Au nord du département, l’Escandorgue est un petit massif volcanique, original, qui culmine à 850 mètres. Des migrations d’oiseaux le survolent, et de grands rapaces s’y plaisent.
Parmi eux, l’aigle royal, espèce emblématique. Ce roi des cieux peut atteindre deux mètres d’envergure. Son épouse, plus grande et plus lourde que lui, pèse jusqu’à sept kilos. Ils vivent surtout de lièvres et de rats des champs. Leur descente en piqué sur leurs proies se fait à 300 km/h (la même vitesse que pour l’extrémité des pales d’éoliennes !)
L’espèce est menacée. L’ensemble de l’ancienne région Languedoc-Roussillon ne compte que cinquante couples, ce qui est peu, rapporté à la superficie. L’Escandorgue n’en héberge qu’un seul, car le territoire de chasse, d’environ 50 km2, n’est pas assez vaste pour un second.
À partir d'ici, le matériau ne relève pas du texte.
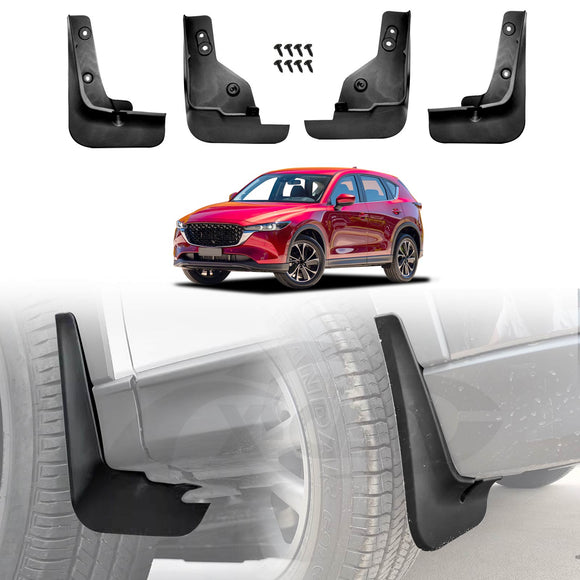 Mud Flaps Splash Guards for Mazda CX5 CX-5 2022-2025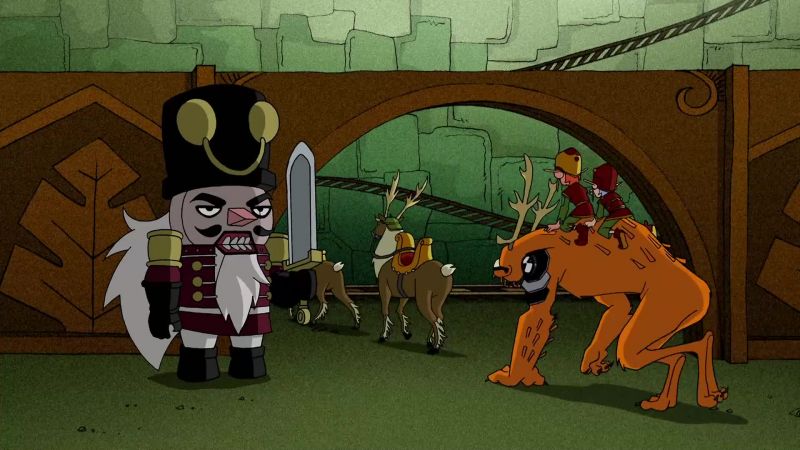 REMEMBER, YOU'RE A REINDEER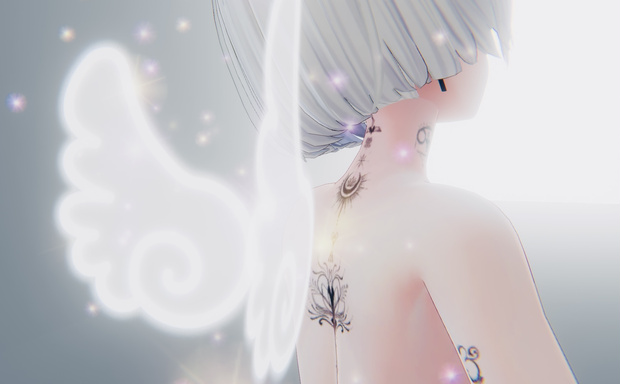 Unalome symbol tattoo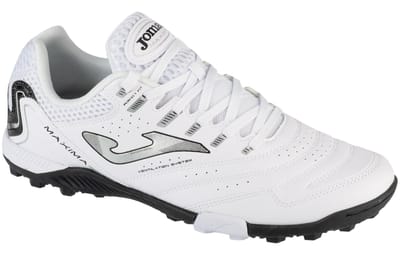 Joma Maxima 25 MAXS TF, Heren witte Turf voetbalschoenen 41 wit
Les promoteurs éoliens, ces prétendus défenseurs de l’environnement, ne respectent rien. En 2003, l’un d’eux jette son dévolu sur le site de Bernagues, à Lunas : un plateau basaltique, au sommet du massif. ll fait réaliser une étude d’impact qui passe sous silence l’existence du couple d’aigles royaux, alors qu’elle a été observée par des témoins dignes de foi. Cette anomalie amène à poser une question générale : pourquoi laisse-t-on les promoteurs choisir eux-mêmes les auteurs d’études d’impact, avec le risque de complaisance que cela implique ? Les commissaires-enquêteurs, qui étaient naguère désignés par le préfet, le sont désormais par le président du tribunal administratif. Ne devrait-on pas retenir la même solution pour les artisans de l’étude d’impact ? Bien entendu, le promoteur, demandeur de l’étude, continuerait de supporter son coût.
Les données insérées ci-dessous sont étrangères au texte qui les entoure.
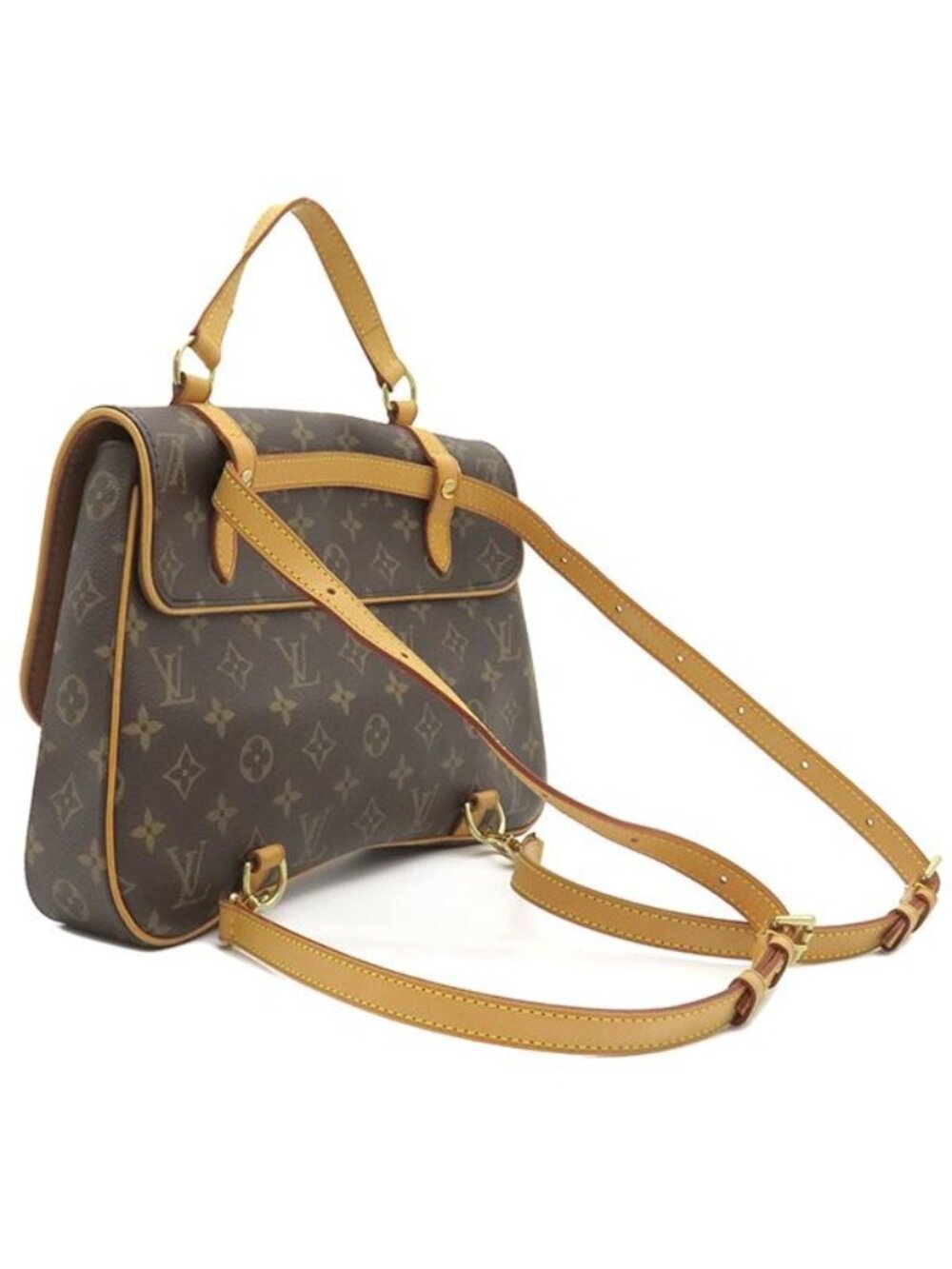 Louis Vuitton Backpack Daypack Marel Sac a Dos Monogram Canvas - Picture 3 of 15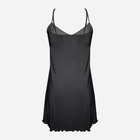 Нічна сорочка жіноча DKaren Slip Sasha M Чорна (5902686565840) - зображення 4
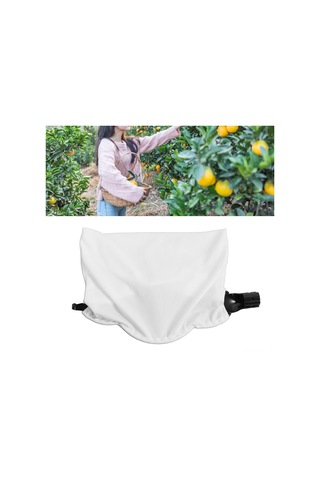 Hangfox Yüksek Dal Meyve Toplayıcı, Tungsten Çelik Bıçaklı, Geniş Kapasiteli Depo Çantası İle El Verimli Hasat Aleti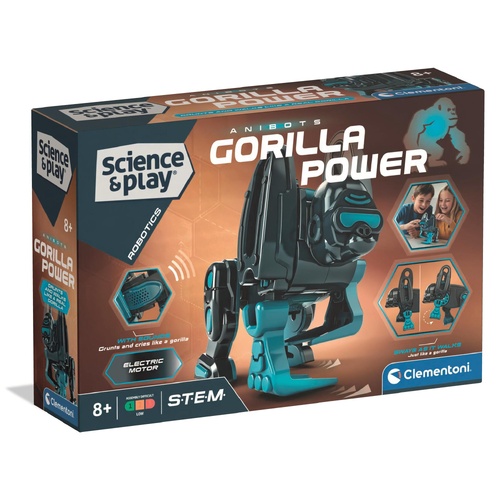 ANITBOT GORILLA POWER ROBOT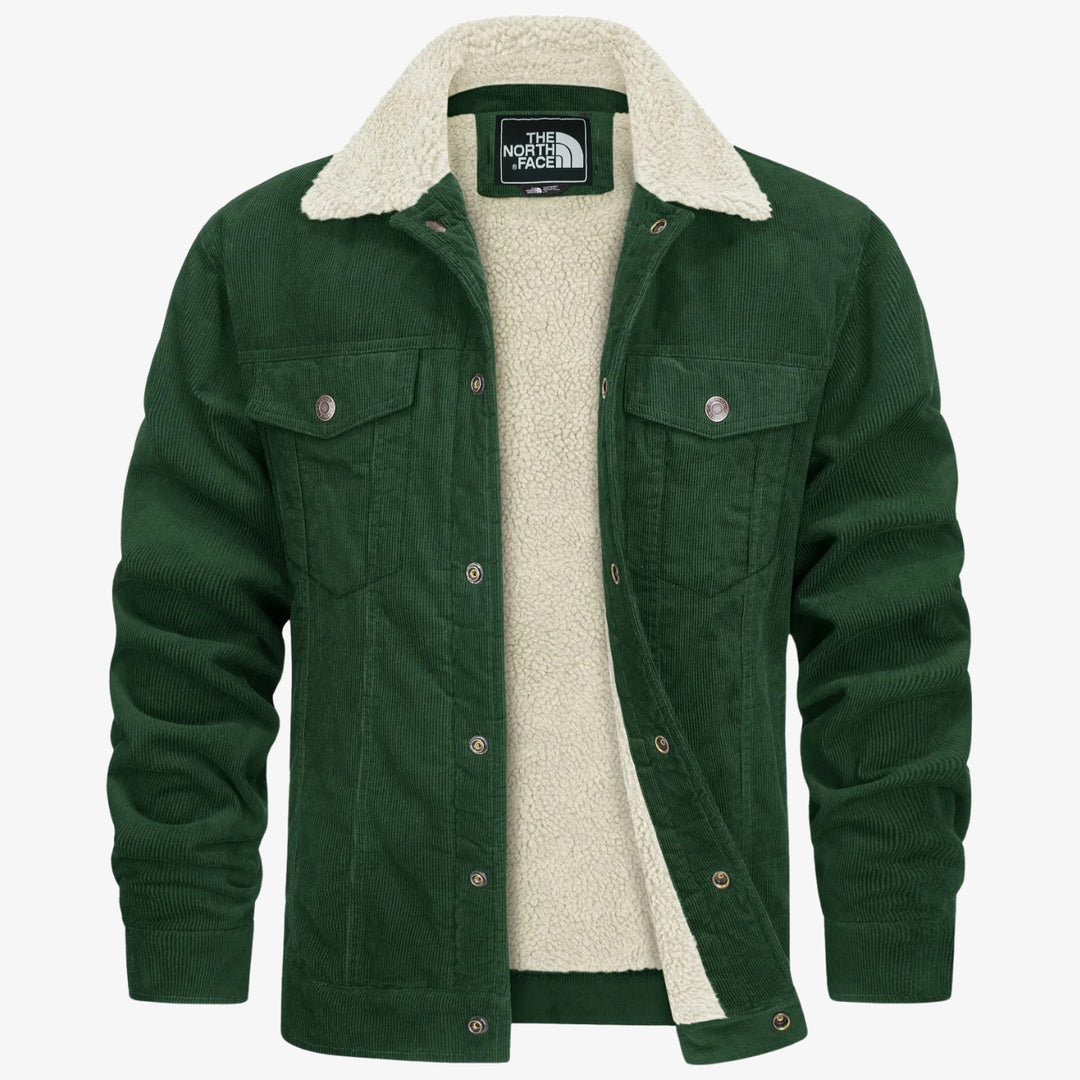 Veste en velours côtelé pour homme - LIQUIDATION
Le préfet de l’Hérault lui accorde un permis de construire en 2004 : début d’une longue lutte qui se poursuit encore aujourd’hui. Cette première tentative échoue devant les tribunaux. En 2013, nouvelle offensive du promoteur, en conservant l’étude d’impact lacunaire. Le préfet s’empresse d’accorder un nouveau permis de construire. À la fin de 2014, le recours des associations est rejeté par le tribunal administratif.
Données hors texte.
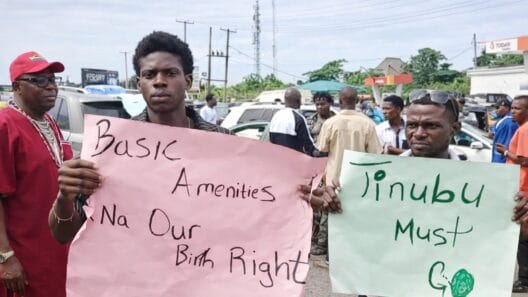 Benn-Lagos Protest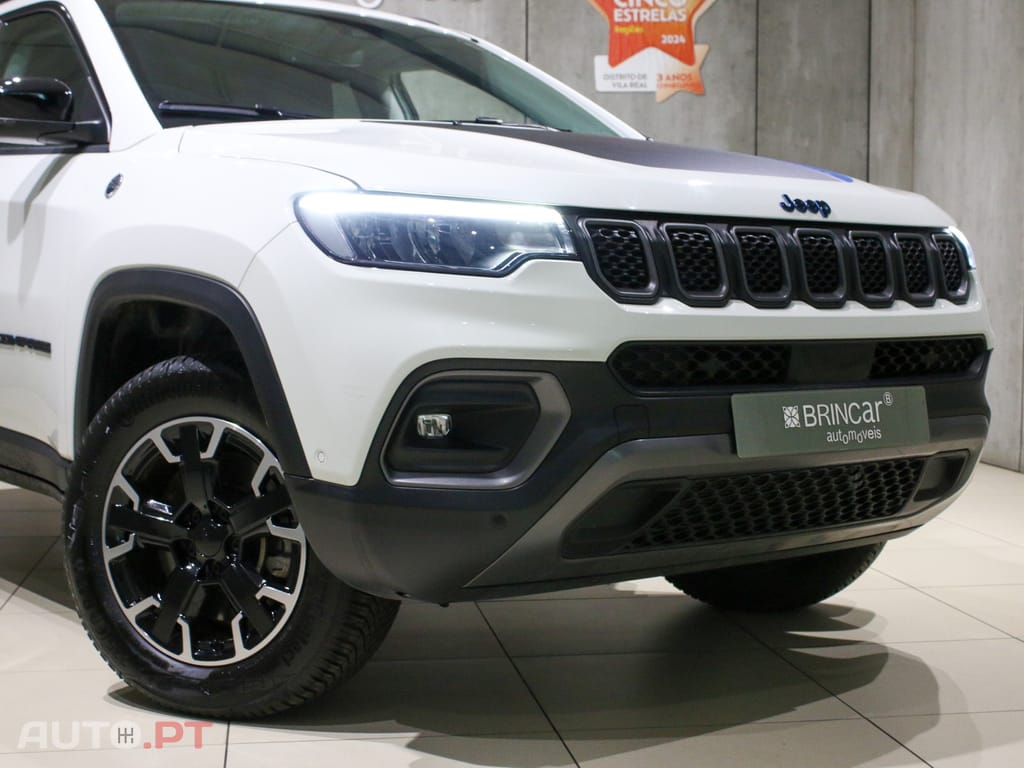 Jeep Compass 1.3 TG 4Xe Trailhawk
Le promoteur, sûr de son fait, commet alors une grave imprudence : sans attendre l’issue de l’appel formé par les associations, il ouvre le chantier en juillet 2015. En février suivant, les travaux d’implantation des sept éoliennes sont achevés.
Entre-temps, un couple d’aigles royaux a bâti son nid près de Bernagues. On réexamine l’étude d’impact de 2003, on réunit des témoignages d’époque. La fâcheuse lacune ressort à l’évidence. Le permis de construire ayant été accordé sur une base, sinon mensongère, du moins gravement insuffisante, la cour administrative d’appel de Marseille l’annule en janvier 2017. Saisi par le promoteur, le Conseil d’État rejette son recours (« non-admission ») en novembre de la même année. Toujours en 2017, le meurtre d’un aigle royal (un jeune adulte, non encore en couple) par une pale près de Bernagues est venue confirmer la coupable légèreté de l’étude d’impact.
Au total, les associations locales ont eu gain de cause trois fois devant la plus haute juridiction administrative ! C’est un beau succès pour elles, et notamment pour leur infatigable fédératrice.
On pourrait croire qu’après de telles victoires, la démolition des éoliennes fautives va de soi. Pas du tout ! La France a inventé un superbe système, suivant lequel les tribunaux de l’ordre administratif, coiffés par le Conseil d’État, jugent la légalité des décisions administratives, tandis que les tribunaux de l’ordre judiciaire, couronnés par la Cour de cassation, sont les gardiens des biens immobiliers, y compris les éoliennes, et sont donc les seuls à pouvoir ordonner leur démolition. Bref, quand on a réussi faire annuler un permis de construire, il faut recommencer le procès devant une autre série de tribunaux. Je ne sais si cette formule a été imaginée pour décourager les opposants, ou si elle découle de raisonnements abstraits.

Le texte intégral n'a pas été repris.